Keeping the workplace safe from fire is extremely important and all employees MUST have fire training. This isn’t simply a matter of learning how to use fire extinguishers and practising evacuations, although these are, of course, really important elements of any fire training, but it’s also important to include background information about fire and fire behaviour - a little bit of science. An increased awareness reduces the chance of a fire happening and increases the chances of survival if the worst happens.
So, to help understand fire and fire behaviour a good fire training programme will include some basic science - the science of fire.
For example, it sounds obvious, but fires rely on the presence of fuel, oxygen and heat, and to put a fire out you have to deprive it of one of these elements.This is why smothering a fire puts it out - it removes the oxygen. Understanding the logical reasons why to take steps such as these make fire safety easier to understand and therefore more memorable. Fire training
should cover these points.
When a fire is doused with water the water takes out the heat and this puts the fire out. However, if hot oil catches fire and you douse it with water the water will sink to the bottom of the pan (because water is heavier than oil), and the water becomes incredibly hot. The steam produced then forces the burning oil to burst upwards and outwards - making matters much worse - so NEVER try to put out this type of fire with water.
If there is enough fuel and oxygen to sustain it there are three ways in which a fire can spread through a workplace; conduction, convection and radiation.
Conduction is the movement of heat through a material, and metals are great conductors. For example, if a metal door handle is hot then there is heat on the other side of the door, and it should not be opened. Convection is the movement of heat through air currents. Smoke rises until it hits an obstruction, such as the ceiling, so the air near the floor is cooler and clearer, meaning it makes sense to keep low in smoky conditions. Radiation is when heat spreads from one object to another through an empty space, which is why it is important to keep fire doors closed. Smoke can spread very quickly through a building, usually ahead of a fire, so keeping fire doors closed also helps to stop smoke quickly spreading to escape routes.
Employees need to understand the importance of not tackling a fire unless it is safe to to so. A fire should only be tackled if one person can put it out with one fire extinguisher and if that person is confident that they are capable of doing so. Any time that person realises they can’t do it they must leave it and get out, safety comes first. An employee should never try to put a fire out with a fire extinguisher unless they know how to use it. Fire training will cover which types of fire extinguishers are for which types of fire, as using the wrong one can be worse than doing nothing at all.
An understanding of what to do if the worst does happen is also a vital element of good fire training: fire training must increase the chance of keeping staff safe. Knowing the best and safest route out, where the meeting point is, where the fire extinguishers are, how to raise the alarm, what the fire signs mean and how to evacuate safely must be included in a good fire training programme.

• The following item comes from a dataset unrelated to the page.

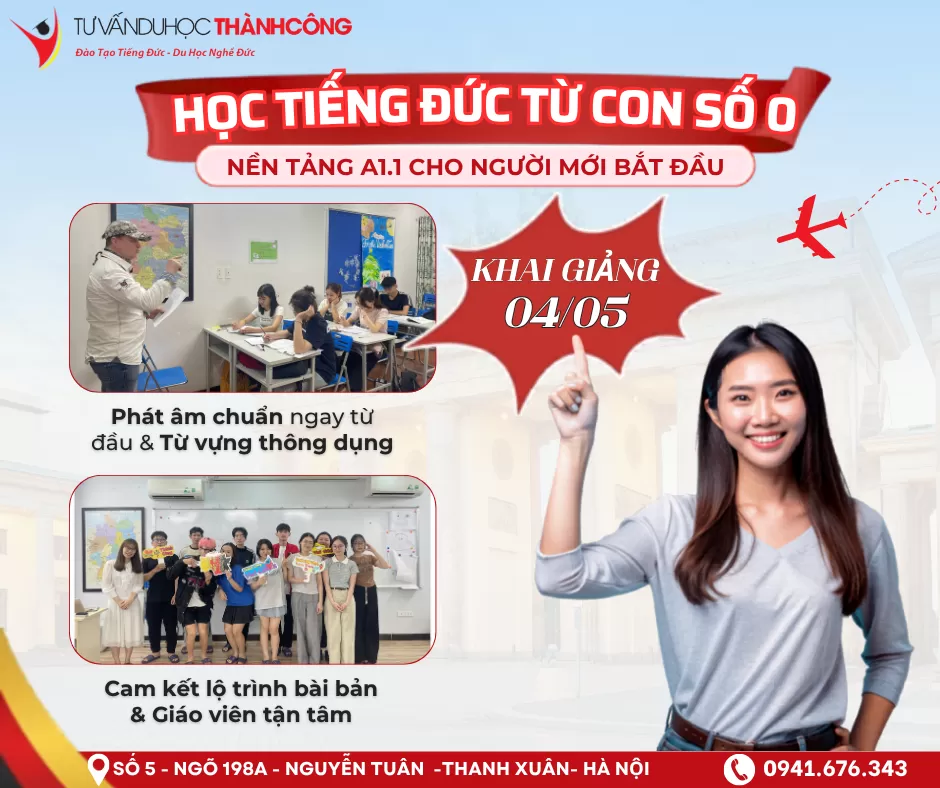 HỌC TIẾNG ĐỨC TỪ CON SỐ 0 – NÊN BẮT ĐẦU TỪ ĐÂU?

So before choosing fire training
for staff, make sure it contains all the important fire safety information, is clear, easy to understand and engaging. It must also be designed to hold attention, so that the information is easily and readily digested and retained. Interactivity ensures participation and a careful mix of video, graphics, animations, diagrams and text keeps interest high. The length must be not too long as to lose attention, but not too short as to miss out any important points. The fire training you choose has to make you feel staff will be safer, so your company will be safer too.